Even more impressively, shareholders have seen a corresponding increase in their dividend income. DCC’s payout has risen from 6.1p per share in 1995, to 197p per share last year. That’s also equivalent to an average growth rate of 12% per year.

I can’t think of many other companies with such an impressive record.

What does DCC do?

DCC’s main focus is its energy business. This generates nearly 75% of group profits.

DCC Energy supplies liquid fuels and off-grid gas to business and residential customers in the UK, Western Europe, and US. It’s a big player in many of these markets and is now expanding into renewable energy and broader energy management services.

The remainder of DCC’s profits come from two separate businesses. One of these is healthcare distribution and the other is audio-visual product distribution, mainly in the US.

However, this is about to change. In November, the company announced plans to sell its healthcare and technology units over the next couple of years.

Splitting up makes sense

While DCC Healthcare and Technology are not bad businesses, they don’t have the scale or market leadership the company enjoys in energy. They aren’t as profitable, either.

According to management, DCC Energy generated a return on capital employed of 17.4% last year. Healthcare and Technology each managed less than 10%.

I think a split makes sense. When DCC is focused solely on energy, I think shareholders could benefit from an increase in surplus cash and a higher valuation.

Growth rates may also improve. In 2022, the company set a target to double energy profits by 2030. Progress so far looks promising to me – energy profits rose by 25% between 2022 and 2024.

I think DCC shares are too cheap

DCC’s share price has drifted in recent years. The stock is now around 25% below the record high of £75 seen in 2018. That’s left the stock trading on just 11 times 2025 forecast earnings, with a 3.8% dividend yield.

I think that’s too cheap, but of course there’s no guarantee the market will agree with me.

DCC’s growth strategy involves regular acquisitions. Historically, these have been small and low risk. But the deals are getting larger and more varied. I think that could make them harder to integrate successfully.

As the energy transition gathers pace, other risks could emerge too.

Even so, DCC’s energy products and services are an essential part of daily operations for nearly 2m customers.

I think there’s a good chance this business will remain profitable and successful over the coming decade. I expect to own my shares for many more years.

Roland Head has positions in Dcc Plc. The Motley Fool UK has no position in any of the shares mentioned. Views expressed on the companies mentioned in this article are those of the writer and therefore may differ from the official recommendations we make in our subscription services such as Share Advisor, Hidden Winners and Pro. Here at The Motley Fool we believe that considering a diverse range of insights makes us better investors.

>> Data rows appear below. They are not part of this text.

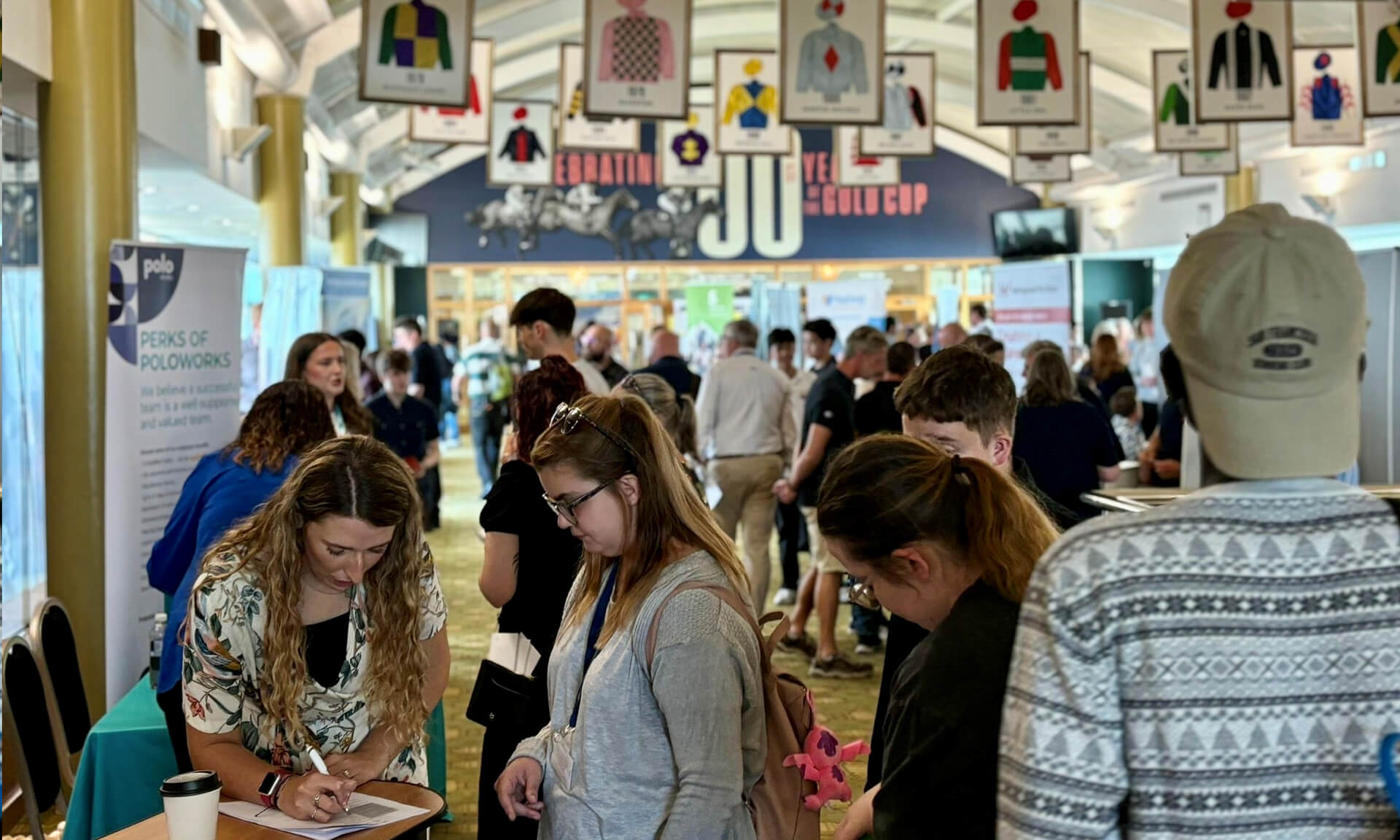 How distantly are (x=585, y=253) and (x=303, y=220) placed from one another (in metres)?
11.7

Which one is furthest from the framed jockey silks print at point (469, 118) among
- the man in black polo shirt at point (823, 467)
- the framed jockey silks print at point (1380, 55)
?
the framed jockey silks print at point (1380, 55)

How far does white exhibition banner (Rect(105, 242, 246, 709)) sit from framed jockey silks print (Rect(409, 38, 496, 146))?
573cm

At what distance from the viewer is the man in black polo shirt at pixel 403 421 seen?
Answer: 29.6 ft

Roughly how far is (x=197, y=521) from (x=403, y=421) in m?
5.16

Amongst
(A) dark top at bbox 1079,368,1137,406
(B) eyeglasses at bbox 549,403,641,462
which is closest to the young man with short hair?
(B) eyeglasses at bbox 549,403,641,462

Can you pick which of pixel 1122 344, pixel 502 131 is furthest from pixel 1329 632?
pixel 1122 344

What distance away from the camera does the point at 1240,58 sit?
944 centimetres

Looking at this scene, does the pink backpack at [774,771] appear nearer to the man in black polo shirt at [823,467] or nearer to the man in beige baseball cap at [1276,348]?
the man in beige baseball cap at [1276,348]

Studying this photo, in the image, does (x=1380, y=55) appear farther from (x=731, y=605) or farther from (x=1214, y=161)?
(x=731, y=605)

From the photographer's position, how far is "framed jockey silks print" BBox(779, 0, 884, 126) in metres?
9.01

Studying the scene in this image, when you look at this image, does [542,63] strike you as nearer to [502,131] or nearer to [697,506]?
[502,131]

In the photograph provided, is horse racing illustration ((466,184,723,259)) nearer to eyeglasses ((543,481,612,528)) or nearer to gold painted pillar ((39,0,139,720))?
gold painted pillar ((39,0,139,720))

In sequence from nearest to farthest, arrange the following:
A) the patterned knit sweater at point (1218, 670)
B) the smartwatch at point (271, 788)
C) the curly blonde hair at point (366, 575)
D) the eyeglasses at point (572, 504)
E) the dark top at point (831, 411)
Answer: the patterned knit sweater at point (1218, 670) → the eyeglasses at point (572, 504) → the smartwatch at point (271, 788) → the curly blonde hair at point (366, 575) → the dark top at point (831, 411)

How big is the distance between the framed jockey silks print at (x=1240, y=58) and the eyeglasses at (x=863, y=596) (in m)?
8.32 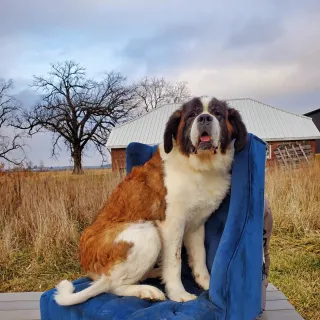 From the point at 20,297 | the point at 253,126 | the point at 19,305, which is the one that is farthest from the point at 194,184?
the point at 253,126

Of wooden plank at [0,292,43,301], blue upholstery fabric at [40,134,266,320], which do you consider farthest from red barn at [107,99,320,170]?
blue upholstery fabric at [40,134,266,320]

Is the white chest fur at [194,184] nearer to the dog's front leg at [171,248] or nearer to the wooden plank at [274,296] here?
the dog's front leg at [171,248]

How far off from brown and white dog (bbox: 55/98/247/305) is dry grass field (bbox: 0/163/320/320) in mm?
1771

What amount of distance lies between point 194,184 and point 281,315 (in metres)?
1.16

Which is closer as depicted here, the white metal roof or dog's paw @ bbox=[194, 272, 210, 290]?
dog's paw @ bbox=[194, 272, 210, 290]

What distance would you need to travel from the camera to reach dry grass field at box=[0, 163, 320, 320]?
4113mm

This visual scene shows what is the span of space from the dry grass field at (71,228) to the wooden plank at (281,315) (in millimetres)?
767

More on Investing Articles

Long-term vs short-term investing concept on a staircase
Investing Articles

As the stock market goes crazy, here’s a FTSE 250 share I’m thinking about buying

The stock market has officially gone haywire, with the FTSE 100 entering correction territory today. Here's what I've got my…

Read more »

Three signposts pointing in different directions, with 'Buy' 'Sell' and 'Hold' on
Investing Articles

Load up on cheap shares now – or wait to see whether they get even cheaper?

As the market fluctuates, some shares may suddenly look cheap. How an investor acts in such moments can affect their…

Read more »

Close-up of British bank notes
Investing Articles

Is this a once-in-a-decade opportunity to target a second income?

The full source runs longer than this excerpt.